Every month, Europeana Music is curated by a guest contributor, highlighting the wide variety of music that exists in Europeana. This month, Europeana Music marks the launch of the online exhibition, “In the footsteps of the 1946 Ogooué-Congo Mission” looking at the fieldwork carried out across the former Middle-Congo (now the Republic of the Congo, Gabon and Central African Republic). The blog is written by Thomas Henry from the Centre for Research in Ethnomusicology.

On July 17th, 1946, three military planes left Paris to Brazzaville, the capital of French Equatorial Africa at the time. They carried the twelve members of the Ogooué-Congo Mission, a multidisciplinary scientific expedition organised by the Liotard Group and led by the 23-year old French ethnologist Noël Ballif.

From July to December, 1946, the expedition travelled across the former Middle-Congo and Gabon. Some of its members spent six weeks completely immersed in Babinga Pygmies tribes from the Haute-Sanga region, in the North of Middle Congo. Amongst them is Gilbert Rouget, the assistant of André Schaeffner in the ethnomusicology department at Paris Musée de l’Homme, who later became one of the big names of ethnomusicology.

Gilbert Rouget and a group of villagers, Ouesso (Middle Congo)  (CNRS, CC-BY-NC-ND)

Around 600 sound recordings were collected by Gilbert Rouget and sound engineer André Didier during the Ogooué-Congo Mission.

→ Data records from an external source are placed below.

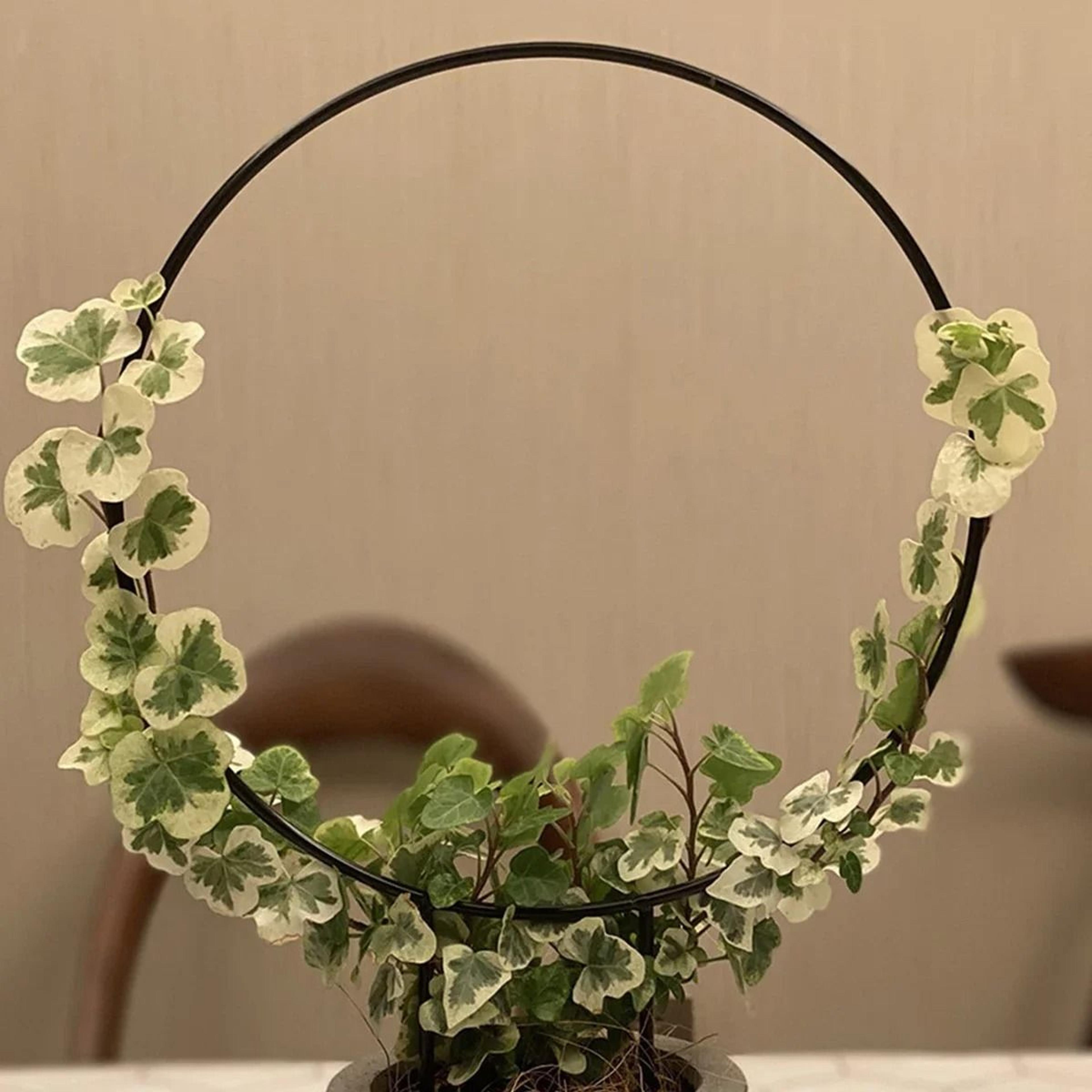 Black Metal Garden Trellis Rust Resistant Climbing Plant Support For Pots 5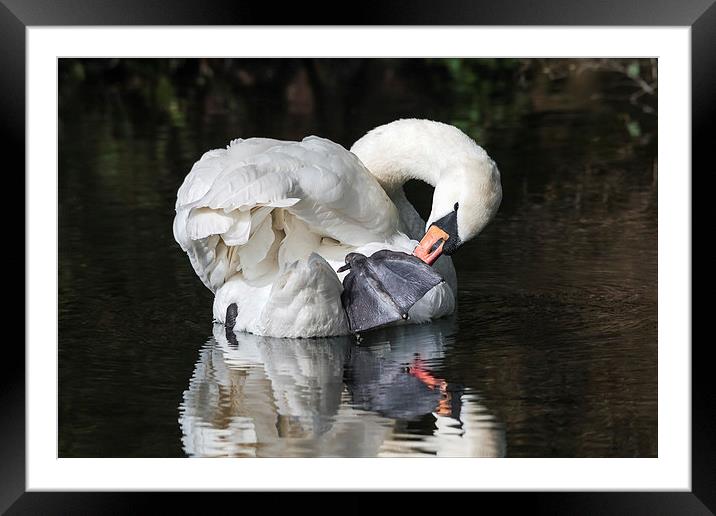  Mute Swan preening itself and reflected in water Framed Mounted Print by Ian Duffield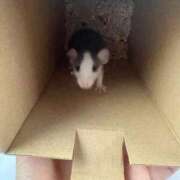 ヒメ日記 2026/06/09 21:16 投稿 みいな 笑顔に心癒される！ ウエスト・コム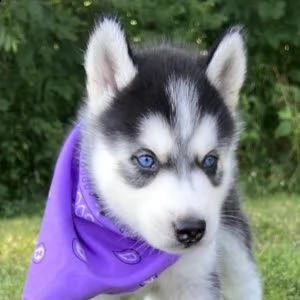 cuccioli husky treno perfetto | Foto 0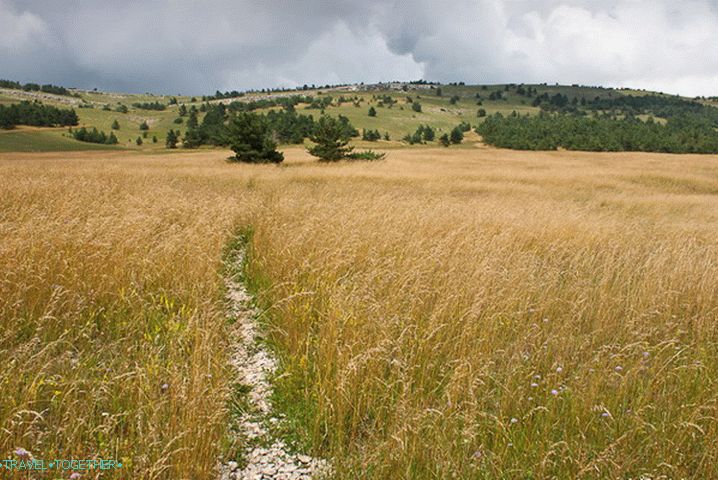 Yalta Yayla. Višina 1250 m.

They have been entirely digitized and are part of the collections of CNRS-Musée de l’Homme, managed by CREM (Centre for Research in Ethnomusicology*). They are now available in Europeana and lets us discover fascinating recordings that marked a key milestone in the history of ethnomusicology.

The virtual exhibition “In the footsteps of the 1946 Ogooué-Congo Mission” is launched on the occasion of the 101st birthday of Gilbert Rouget, the only member of the expedition still alive. It allows us to follow this adventure and discover previously unreleased photographs.

* LESC CNRS, Paris Nanterre University.